Exactly the lines from the line with "Portrait of a" through the final line of the records below, both ends included, are to be set down. Do not include pictures.

Data for this exercise –

╭──

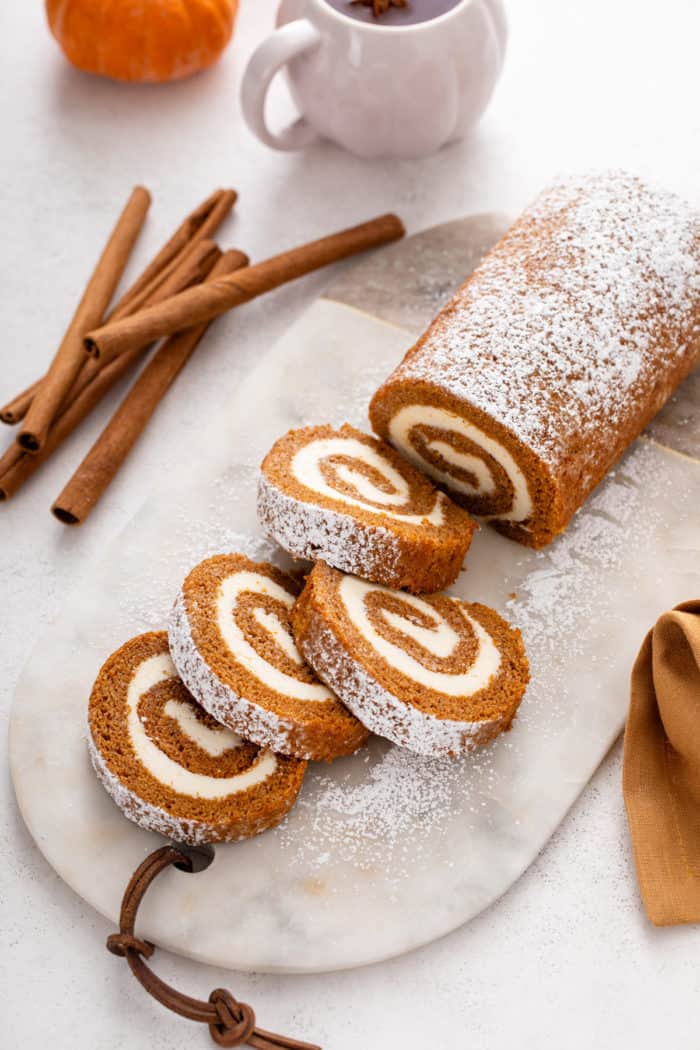 Pumpkin roll dusted with powdered sugar and sliced on a marble board.
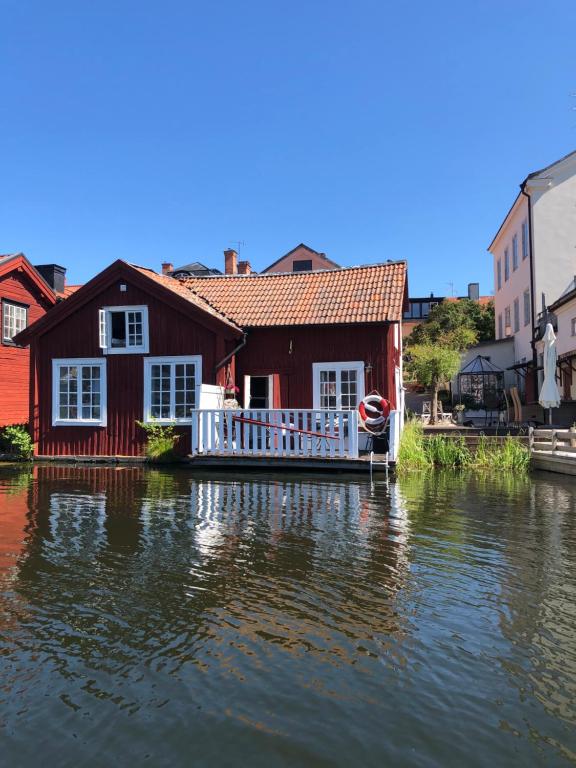 ein Haus auf dem Wasser mit einem Boot davor in der Unterkunft Stugan med Bryggan i Gamla Staden in Eskilstuna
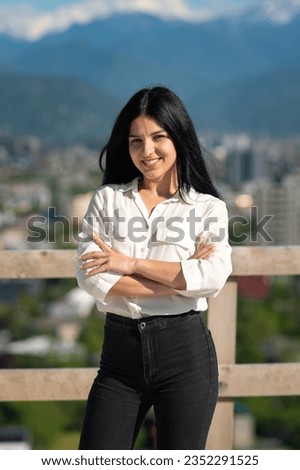 Portrait of a young happy smiling woman with folded hands in front of her in business clothes at a construction site on a sunny day. Vertical photo
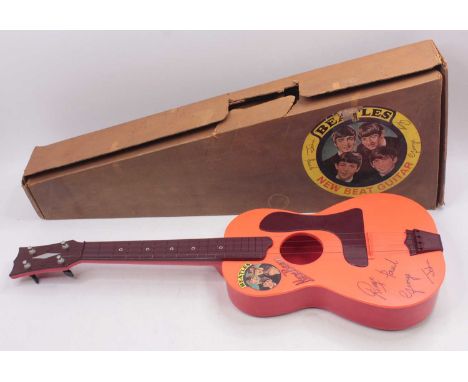 Selcol The Beatles New Beat vintage plastic guitar, with 4 strings, original card box, body strap and leaflet, nice example
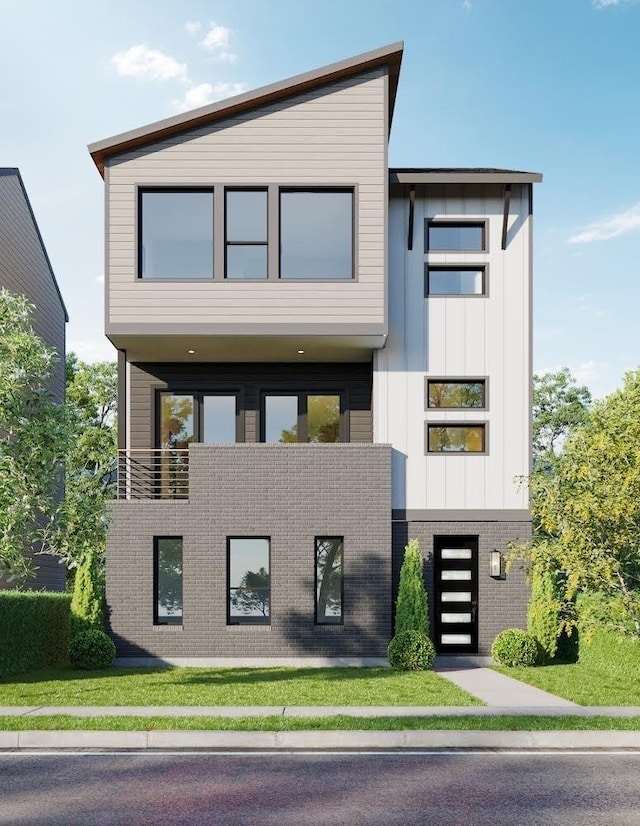 1307 71st St Unit A, Houston, TX 77011 - contemporary home featuring brick siding and board and batten siding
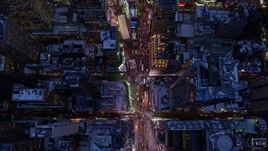 4.8K aerial stock footage tilt to a bird's eye view of Times Square in winter, New York City, twilight Aerial Stock Footage | AX66_0337E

╰──

Response area –
 Portrait of a young happy smiling woman with folded hands in front of her in business clothes at a construction site on a sunny day. Vertical photo
 Selcol The Beatles New Beat vintage plastic guitar, with 4 strings, original card box, body strap and leaflet, nice example
 1307 71st St Unit A, Houston, TX 77011 - contemporary home featuring brick siding and board and batten siding
 4.8K aerial stock footage tilt to a bird's eye view of Times Square in winter, New York City, twilight Aerial Stock Footage | AX66_0337E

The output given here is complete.